Moreover, many of the regulatory guidance provisions, “which are often applied by the federal banking agencies as if they are laws or regulations,” are requiring bank directors to take on the traditional responsibilities of bank management, Baris continued. “None of the regulatory guidance acknowledges that bank directors, like other corporate directors, may rely reasonably on management, advisors, and counsel.”
The cause of the economic recession “seemed to be placed at the feet of the banking industry,” said Charles Stutts, a Tampa, Fla.-based partner at Holland & Knight. He added that there is a growing expectation on boards to pay more attention to basic lending issues, to better know their market, and to stick to their overall business philosophies.
The real challenge for banking institutions is to regain the trust of the public by showing that they are conducting business in a safe and sound manner, said Stutts, whose practice focuses on securities and banking law.
Meanwhile, bank directors are subject to heightened personal liability risks due to federal banking statutes, regulations and “regulatory attitude,” Baris said. “Regulatory guidance imposing burdens on bank directors continues to grow.”

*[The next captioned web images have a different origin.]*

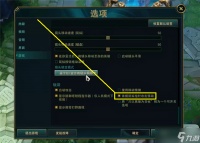 英雄联盟A键攻击设置教学
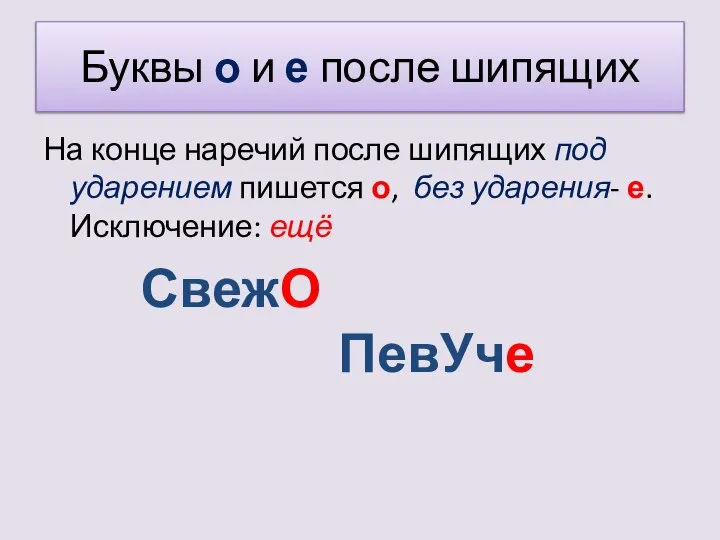 Буквы о и е после шипящих На конце наречий после шипящих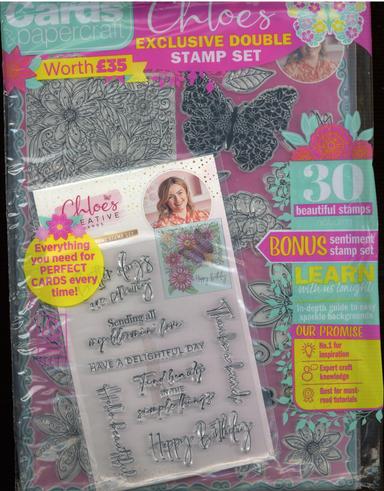 Simply Cards & Paperc.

Stutts noted that claims for damages against individual officers and directors arising out of FDIC lawsuits can add up to the $50 million- to $70 million-dollar range (13 CARE 38, 1/2/15). As a result, some directors may find it challenging to obtain director and officer insurance with high coverage levels, he said.

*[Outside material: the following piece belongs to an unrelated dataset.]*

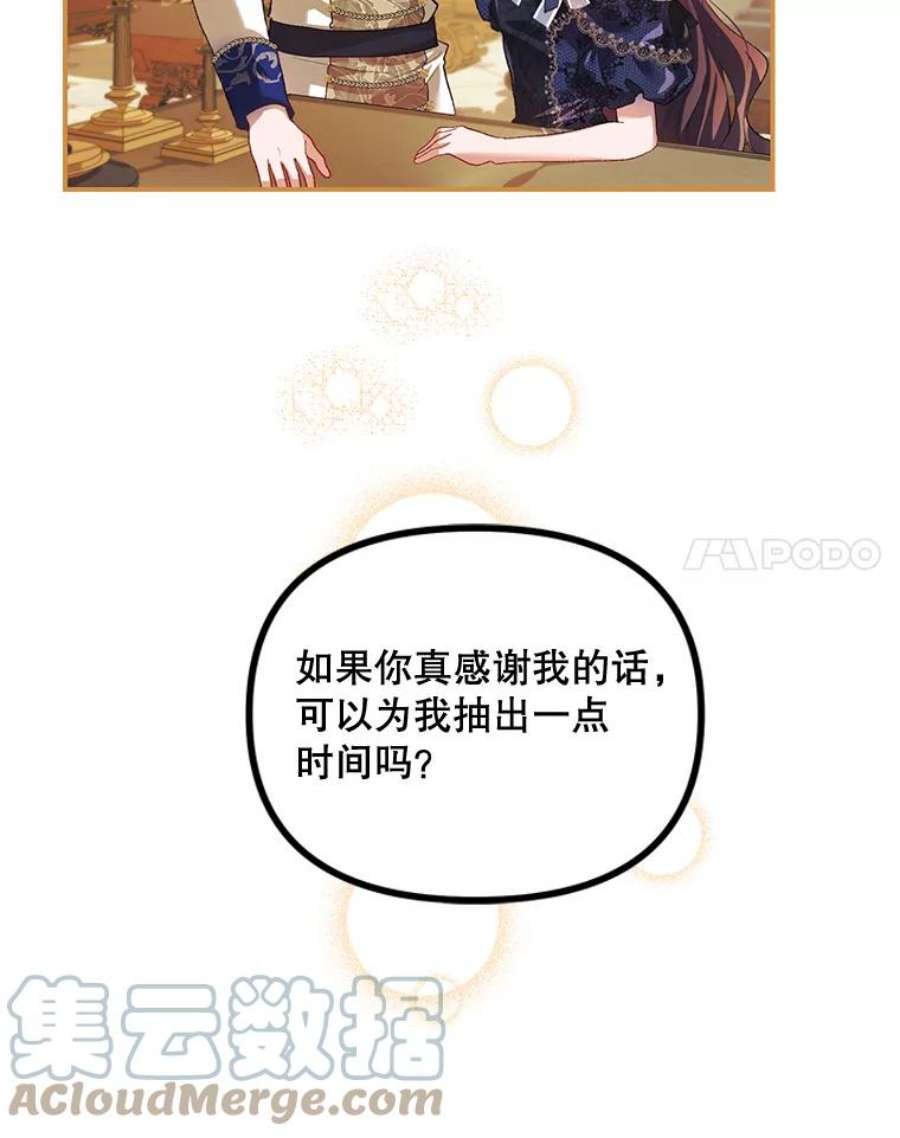 配角时间有限28.画室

Stutts also observed that D&O policies containing exclusions for claims asserted by regulatory agencies are becoming more prevalent. Bank directors should strive to negotiate these clauses out of their policies because regulatory agencies are bringing the majority of lawsuits that impact such board members, he said.
The Clearing House, an association that is owned by the largest commercial banks, said it is critical for the board's oversight role to be distinct and to complement management's day-to-day role.
In a May 6 report, the group said that the “blurring of this distinction” takes away from effective governance by potentially reducing the board’s ability to focus on its core oversight functions, impairing the board’s ability to perform its critical oversight role objectively, and creating uncertainty as to roles and responsibilities.
In other best practices, Baris suggested that bank boards must decide how “unwieldy” board and board committee reports can be changed to better support decision-making. Moreover, boards must decide how board and board committee meetings should be conducted to allow for time to discuss the fundamental strategic and business challenges that banks face, he said.
To reduce personal liability, Stutts recommended that bank directors ensure that the minutes actually reflect what goes on in board meetings.
To the extent that the board deviates in any way from its established policies for making or approving loans, the minutes should reflect the basis for that decision, Stutts said. If there is discussion of the factors weighing for or against a particular loan, those factors also must be detailed in the minutes. Similarly, if there is dissension on the board for a particular action, the minutes must reflect that dissension, he said.